Stream: t-lang/wg-unsafe-code-guidelines

Topic: UB and non-determinism and I/O


RalfJ (Mar 29 2019 at 09:14, on Zulip):

@Jake Goulding

you understood me correctly. I was under the impression that Rust was taking the position of "if any code flow path could cause UB, it is always UB".

"if any code flow path could cause UB, it is always UB" is correct, but it does not mean what you (seem to) think it means.
it means that a program like let x = Box::new(0); if Box::into_raw(x) as usize % 512 == 0 { trigger_ub(); } has UB because the allocator is non-deterministic, and the compiler can decide for the allocator that it will pick a sufficiently aligned address here, and then take the then-branch.
however, "if any code flow path could cause UB, it is always UB" does not mean that let b = read_boolean_from_stdin(); if b { trigger_ub(); } always has UB! Here, there is no non-deterministic choice the compiler can affect; the choice is made by the outside world, it might be deterministic or whatever, and the compiler has to respect that. If that program is only ever run in an environment where b ends up false, there is no UB as the branch is never taken!

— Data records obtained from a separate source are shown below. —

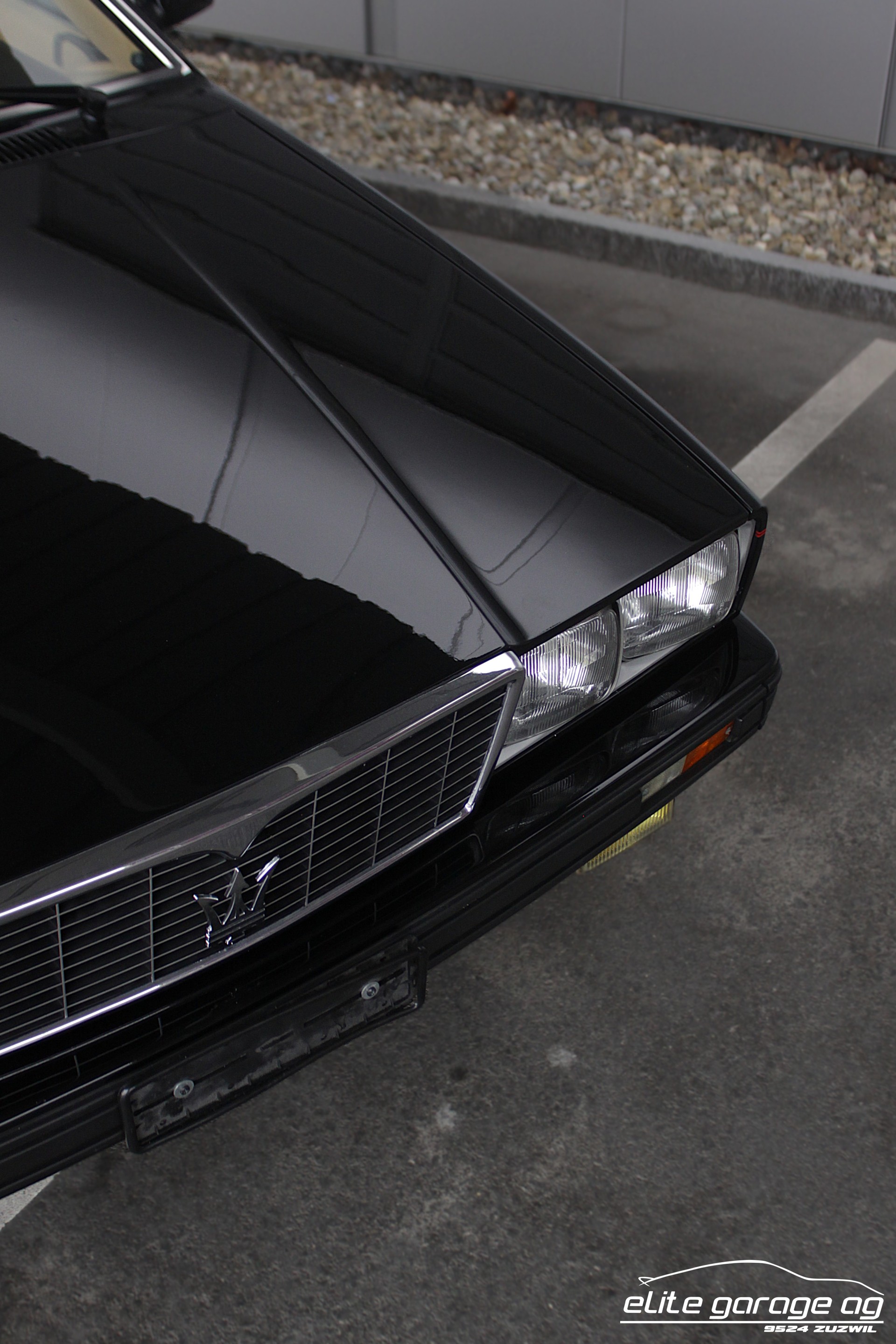 MASERATI Biturbo 2.5 Spyder i VETERANENGEPRÜFT-image-11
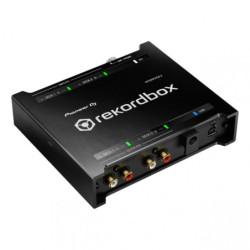 Pioneer DJ Interface 2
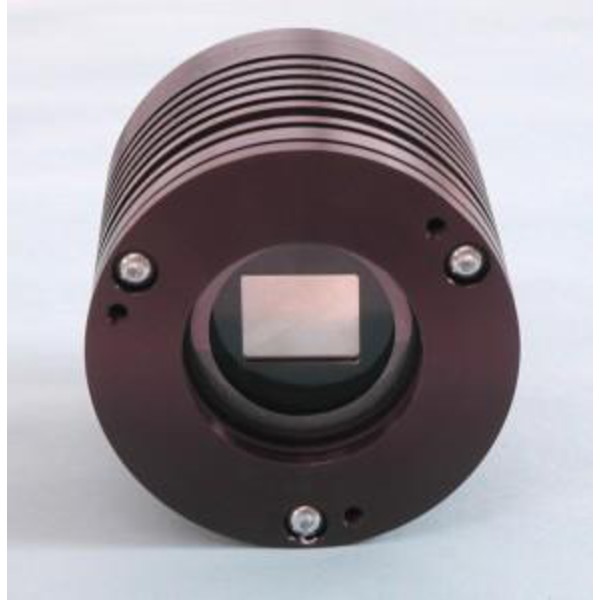 Starlight Xpress SXVR-H18 USB 2.0 CCD Kamera System mit 2" Filterrad und OAG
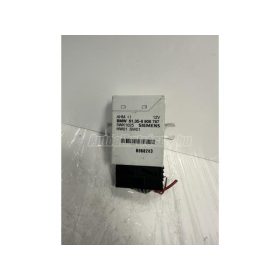 BMW 3-AS SOROZAT - 2002 - 5WK1025 - vonóhorog elektronika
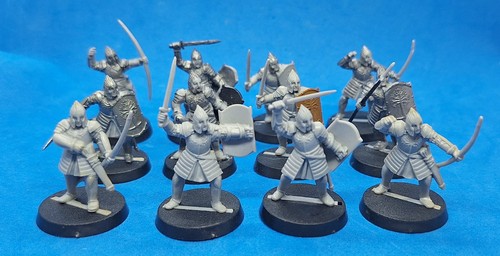 Games workshop lord the - workshop,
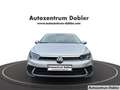 Volkswagen Polo "Life" 1.0 l TSI 70 kW(95 PS) 7-Gang DSG Navi Silber - thumbnail 3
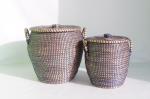 Seagrass basket LTC 1302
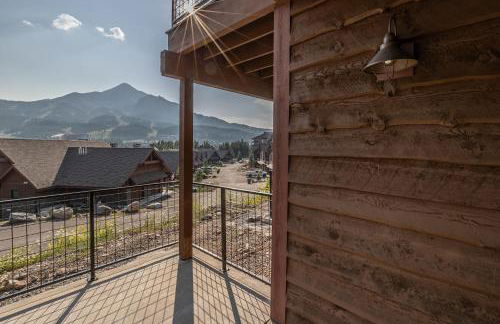 Alpenglow Condo 26A - Foto 27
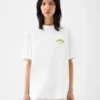 The Capri t-shirt Logo t-shirt – sold exclusively online and in our Capri resort The Capri t-shirt Logo t-shirt – sold exclusively online and in our Capri resort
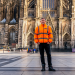 Müll an jeder Ecke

Formally speaking, there are two kinds of choices in a program:
Internal choice is when the semantics of the program say "this or that may happen and there is no way for the programmer or user to influence that". Examples include the memory allocator and the thread scheduler. The compiler is allowed to refine this choice, meaning it is allowed to take away certain possibilities here, like in my first example above where the compiler decided that the allocator will pick an address that is 512-aligned. (But then the entire execution has to be consistent with that refined choice!)
In contrast, external choice is when the program interacts with the outside world and receives inputs from there. The compiler cannot affect what inputs will come. So if a program has UB only in case of certain malformed inputs, then the compiler has to translate it in a way that the resulting binary behaves just like the original program did for any input that did not trigger UB. You can think of the program as representing an answer to every possible question from the outside, like in my 2nd example above "input false? answer: nothing happens, program terminates" and "input true? answer: UB". All the input-answer-input-answer traces without UB must be preserved by the compiler.

That got longer than I expected... I hope it makes some sense?

Last update: Nov 19 2019 at 17:35UTC